Joe Fuqua
Intelligent Automation Architecture Strategy & Governance
Algorithm & Blues · Weekly
Charlotte, NC · Est. 1988
Technology & Society

The Persistence Filter

We’ve spent most of the internet age trying to make information easier to reach. Archives were digitized, the web was indexed, papers became searchable, and sources that once required a library, an expert, or a great deal of patience moved within a few clicks. Search changed the scale of access, but it left a familiar arrangement largely intact. It helped us find the source. We still had to open it, decide whether we trusted it, and work out what it meant.

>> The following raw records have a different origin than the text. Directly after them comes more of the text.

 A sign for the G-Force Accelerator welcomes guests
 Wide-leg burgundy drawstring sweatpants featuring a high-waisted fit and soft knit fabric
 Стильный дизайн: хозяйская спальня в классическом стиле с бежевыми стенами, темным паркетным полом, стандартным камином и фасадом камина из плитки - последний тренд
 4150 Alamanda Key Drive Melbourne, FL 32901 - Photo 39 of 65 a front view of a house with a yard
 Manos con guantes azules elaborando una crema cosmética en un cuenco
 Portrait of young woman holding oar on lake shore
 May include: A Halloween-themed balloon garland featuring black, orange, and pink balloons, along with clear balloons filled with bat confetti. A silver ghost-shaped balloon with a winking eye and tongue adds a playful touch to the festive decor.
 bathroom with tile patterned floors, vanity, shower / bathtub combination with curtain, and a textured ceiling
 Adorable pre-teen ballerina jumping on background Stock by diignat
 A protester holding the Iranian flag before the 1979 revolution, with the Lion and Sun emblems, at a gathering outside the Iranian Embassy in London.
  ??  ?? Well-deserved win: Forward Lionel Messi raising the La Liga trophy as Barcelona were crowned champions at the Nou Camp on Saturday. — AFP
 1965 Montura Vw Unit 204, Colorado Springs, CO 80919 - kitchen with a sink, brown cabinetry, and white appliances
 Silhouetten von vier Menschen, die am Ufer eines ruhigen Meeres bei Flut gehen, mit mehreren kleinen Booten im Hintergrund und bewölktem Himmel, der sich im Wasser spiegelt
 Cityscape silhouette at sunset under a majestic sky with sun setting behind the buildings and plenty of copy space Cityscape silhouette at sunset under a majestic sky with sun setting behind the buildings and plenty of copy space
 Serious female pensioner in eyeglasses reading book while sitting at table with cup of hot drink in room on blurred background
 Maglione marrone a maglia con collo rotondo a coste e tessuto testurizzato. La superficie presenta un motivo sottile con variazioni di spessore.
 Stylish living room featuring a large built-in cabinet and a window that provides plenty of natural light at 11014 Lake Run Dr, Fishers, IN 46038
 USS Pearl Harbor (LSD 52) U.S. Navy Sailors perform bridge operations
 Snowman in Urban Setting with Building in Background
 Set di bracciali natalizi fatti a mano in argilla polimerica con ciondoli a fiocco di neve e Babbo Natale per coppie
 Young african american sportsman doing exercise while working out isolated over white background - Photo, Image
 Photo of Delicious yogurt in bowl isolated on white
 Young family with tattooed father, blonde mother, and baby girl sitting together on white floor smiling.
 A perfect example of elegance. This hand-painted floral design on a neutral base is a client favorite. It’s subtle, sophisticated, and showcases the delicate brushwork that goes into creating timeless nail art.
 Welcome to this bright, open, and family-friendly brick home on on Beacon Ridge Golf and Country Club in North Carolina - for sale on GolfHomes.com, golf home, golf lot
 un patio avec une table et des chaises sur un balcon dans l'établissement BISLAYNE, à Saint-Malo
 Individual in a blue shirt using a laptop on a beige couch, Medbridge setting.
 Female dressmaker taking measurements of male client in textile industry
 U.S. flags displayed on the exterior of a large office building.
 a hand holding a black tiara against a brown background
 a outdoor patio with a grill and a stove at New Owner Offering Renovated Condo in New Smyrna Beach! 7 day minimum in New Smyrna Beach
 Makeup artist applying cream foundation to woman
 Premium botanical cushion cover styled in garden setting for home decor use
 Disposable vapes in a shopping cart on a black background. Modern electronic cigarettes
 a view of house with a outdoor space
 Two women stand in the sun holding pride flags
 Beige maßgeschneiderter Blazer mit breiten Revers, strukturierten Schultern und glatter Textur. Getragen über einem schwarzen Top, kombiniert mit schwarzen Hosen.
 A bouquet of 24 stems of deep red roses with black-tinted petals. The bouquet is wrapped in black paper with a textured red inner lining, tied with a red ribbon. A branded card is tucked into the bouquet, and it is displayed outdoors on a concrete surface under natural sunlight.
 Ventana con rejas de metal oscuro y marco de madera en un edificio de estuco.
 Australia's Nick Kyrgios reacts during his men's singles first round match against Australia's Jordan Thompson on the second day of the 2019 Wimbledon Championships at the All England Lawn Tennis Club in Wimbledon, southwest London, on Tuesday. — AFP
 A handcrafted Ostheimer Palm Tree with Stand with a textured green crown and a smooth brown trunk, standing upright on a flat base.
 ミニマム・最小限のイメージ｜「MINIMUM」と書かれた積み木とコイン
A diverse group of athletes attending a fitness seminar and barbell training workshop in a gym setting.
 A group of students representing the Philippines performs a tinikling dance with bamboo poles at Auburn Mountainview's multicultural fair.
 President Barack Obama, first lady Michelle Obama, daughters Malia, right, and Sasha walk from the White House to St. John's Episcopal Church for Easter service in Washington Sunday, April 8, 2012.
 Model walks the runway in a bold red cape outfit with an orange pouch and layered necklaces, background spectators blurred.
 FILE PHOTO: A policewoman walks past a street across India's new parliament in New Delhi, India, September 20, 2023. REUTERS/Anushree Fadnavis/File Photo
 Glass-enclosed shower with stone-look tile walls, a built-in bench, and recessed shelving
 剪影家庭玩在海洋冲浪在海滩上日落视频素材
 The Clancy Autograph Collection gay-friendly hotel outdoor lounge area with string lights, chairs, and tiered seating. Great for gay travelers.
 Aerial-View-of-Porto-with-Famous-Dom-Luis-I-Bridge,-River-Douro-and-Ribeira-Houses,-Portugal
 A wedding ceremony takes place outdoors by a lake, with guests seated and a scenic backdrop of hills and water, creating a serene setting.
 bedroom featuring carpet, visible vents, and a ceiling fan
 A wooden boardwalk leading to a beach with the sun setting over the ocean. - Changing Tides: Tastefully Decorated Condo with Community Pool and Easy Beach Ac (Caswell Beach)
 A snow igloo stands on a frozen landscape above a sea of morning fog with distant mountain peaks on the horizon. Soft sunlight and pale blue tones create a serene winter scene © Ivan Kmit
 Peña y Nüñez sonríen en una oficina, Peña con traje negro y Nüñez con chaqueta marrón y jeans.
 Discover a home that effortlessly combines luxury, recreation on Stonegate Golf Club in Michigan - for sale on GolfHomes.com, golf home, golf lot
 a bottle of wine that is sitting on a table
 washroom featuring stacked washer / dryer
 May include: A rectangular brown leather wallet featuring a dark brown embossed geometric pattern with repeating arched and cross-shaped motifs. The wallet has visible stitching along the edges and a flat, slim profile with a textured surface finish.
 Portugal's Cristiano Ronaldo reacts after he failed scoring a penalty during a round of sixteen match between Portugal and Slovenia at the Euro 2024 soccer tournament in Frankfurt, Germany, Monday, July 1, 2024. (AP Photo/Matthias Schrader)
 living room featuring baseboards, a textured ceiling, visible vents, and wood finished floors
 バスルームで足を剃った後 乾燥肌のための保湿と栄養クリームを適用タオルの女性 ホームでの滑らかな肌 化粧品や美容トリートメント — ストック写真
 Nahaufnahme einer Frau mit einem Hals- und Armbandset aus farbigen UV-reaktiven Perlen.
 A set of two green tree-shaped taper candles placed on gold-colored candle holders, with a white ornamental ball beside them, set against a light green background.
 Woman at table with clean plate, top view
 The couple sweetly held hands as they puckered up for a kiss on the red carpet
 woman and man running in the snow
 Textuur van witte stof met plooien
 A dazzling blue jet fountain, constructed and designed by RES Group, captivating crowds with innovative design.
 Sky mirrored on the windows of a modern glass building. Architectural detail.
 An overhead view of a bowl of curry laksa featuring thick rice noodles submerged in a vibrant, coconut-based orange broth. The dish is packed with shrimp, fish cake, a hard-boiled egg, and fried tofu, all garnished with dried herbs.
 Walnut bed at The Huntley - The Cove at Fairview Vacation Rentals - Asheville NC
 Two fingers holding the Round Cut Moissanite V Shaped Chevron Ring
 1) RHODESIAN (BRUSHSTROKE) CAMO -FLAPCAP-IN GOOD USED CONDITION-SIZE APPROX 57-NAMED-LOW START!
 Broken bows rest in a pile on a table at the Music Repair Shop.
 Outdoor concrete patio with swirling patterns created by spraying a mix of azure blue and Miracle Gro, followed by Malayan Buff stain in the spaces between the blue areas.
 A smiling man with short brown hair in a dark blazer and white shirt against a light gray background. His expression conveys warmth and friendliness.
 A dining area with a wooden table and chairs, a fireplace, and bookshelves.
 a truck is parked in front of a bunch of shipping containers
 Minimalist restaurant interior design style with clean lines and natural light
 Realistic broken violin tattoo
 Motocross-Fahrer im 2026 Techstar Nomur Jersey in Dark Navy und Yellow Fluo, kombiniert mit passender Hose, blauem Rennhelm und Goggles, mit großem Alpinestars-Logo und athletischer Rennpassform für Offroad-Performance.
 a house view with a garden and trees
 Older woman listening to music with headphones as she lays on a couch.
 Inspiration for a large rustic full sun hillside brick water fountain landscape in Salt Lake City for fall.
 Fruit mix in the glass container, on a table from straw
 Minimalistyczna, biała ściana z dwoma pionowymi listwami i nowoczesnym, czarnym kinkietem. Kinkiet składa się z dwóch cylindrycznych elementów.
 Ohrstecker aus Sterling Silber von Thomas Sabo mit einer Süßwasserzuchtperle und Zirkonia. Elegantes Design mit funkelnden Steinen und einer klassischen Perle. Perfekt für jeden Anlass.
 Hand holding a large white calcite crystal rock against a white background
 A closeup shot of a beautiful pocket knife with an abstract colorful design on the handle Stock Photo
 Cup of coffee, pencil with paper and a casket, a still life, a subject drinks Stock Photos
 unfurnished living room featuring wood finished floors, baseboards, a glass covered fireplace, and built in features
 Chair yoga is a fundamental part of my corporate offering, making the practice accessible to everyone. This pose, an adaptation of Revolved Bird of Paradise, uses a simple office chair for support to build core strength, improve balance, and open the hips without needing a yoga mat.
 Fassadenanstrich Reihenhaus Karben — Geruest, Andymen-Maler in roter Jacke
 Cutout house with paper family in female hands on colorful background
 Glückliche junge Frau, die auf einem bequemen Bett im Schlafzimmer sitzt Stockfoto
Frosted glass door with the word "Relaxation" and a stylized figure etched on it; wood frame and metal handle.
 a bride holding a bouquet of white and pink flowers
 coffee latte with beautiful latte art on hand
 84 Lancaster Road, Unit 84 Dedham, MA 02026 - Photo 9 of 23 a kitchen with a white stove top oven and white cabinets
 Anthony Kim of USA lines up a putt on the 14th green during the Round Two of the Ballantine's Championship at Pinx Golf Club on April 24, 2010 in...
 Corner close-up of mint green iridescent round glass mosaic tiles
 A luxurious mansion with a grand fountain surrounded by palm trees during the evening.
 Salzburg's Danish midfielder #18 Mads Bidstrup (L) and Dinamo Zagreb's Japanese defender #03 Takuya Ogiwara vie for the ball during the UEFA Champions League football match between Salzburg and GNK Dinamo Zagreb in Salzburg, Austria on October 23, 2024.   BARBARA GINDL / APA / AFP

Artificial intelligence changes the order of that experience. Increasingly, the source is no longer the first thing we encounter. We ask a question and receive an explanation assembled for us in the moment, often from material we may never see directly. The paper, book, report, documentation, or person who knew something remains somewhere behind the answer, but it is no longer necessarily where understanding begins.

There are good reasons for that. The explanation may be clearer than the original, better organized, and closer to the question we were actually trying to answer. It can translate unfamiliar language, connect the material to things we already know, and give us enough context to decide whether the source deserves more of our time.

Sometimes it leads us back.

Sometimes it becomes the only version we ever know.

You can already see this in ordinary work. A developer asks an assistant about an unfamiliar library before opening the documentation. An executive reads a briefing assembled from reports they’ll never have time to read. A researcher asks for the shape of a field before deciding which papers deserve closer attention. Inside organizations, the chain can extend further. A meeting transcript becomes a summary, the summary becomes a plan, and the plan becomes a status update that someone else uses to make a decision. Nothing in that sequence is necessarily unreasonable, but the distance accumulates anyway.

Knowledge has always passed through interpretation. People remember, explain, compress, and adapt what they know for other people. What has changed is that a general-purpose machine can now perform that work between the source and the person trying to understand it, at almost any point in the chain and at a scale no human intermediary could approach.

Knowledge has always passed through someone

Very little of what any of us knows came directly from an original source. We learned from parents, teachers, authors, journalists, professors, colleagues, clergy, editors, and people with more experience than we had. Each person selected what seemed important, translated it into terms we might understand, and left things out. Even when we read the source ourselves, we brought assumptions and prior knowledge that shaped what we understood.

Frederic Bartlett demonstrated this nearly a century ago. His work on memory showed that people don’t preserve an experience and play it back intact; they reconstruct it. Unfamiliar material is shortened, reorganized, and pulled toward patterns that make sense within the person’s existing view of the world. Memory doesn’t operate like storage. It produces a workable version of the past each time the past is recalled.

Cultural transmission works much the same way. An idea passes from one person to another, but the next person doesn’t receive the first person’s mental representation verbatim; they build their own. Dan Sperber described culture less as the replication of stable objects than as a population of related representations, repeatedly transformed as they move through minds and environments.

That process can preserve an idea remarkably well, but it also changes it along the way. Stories become easier to retell, complicated events acquire cleaner causes, and unfamiliar details fall away. A concept that works in one setting gets adapted for another until, after enough retellings, it may bear only a loose resemblance to the version that began the journey.

That possibility is why the identity of the teacher, reporter, translator, or interpreter matters. An intermediary carries more than information. They also bring judgment about what deserves emphasis, what can be omitted, and what belongs in the next version.

Walter Ong’s work on oral cultures makes that earlier arrangement easier to see. Without writing, knowledge survives only if people can remember it well enough to pass it on. Rhythm, repetition, familiar structures, and formulaic language aren’t merely stylistic choices in that environment. They help ideas hold their shape long enough to be told again.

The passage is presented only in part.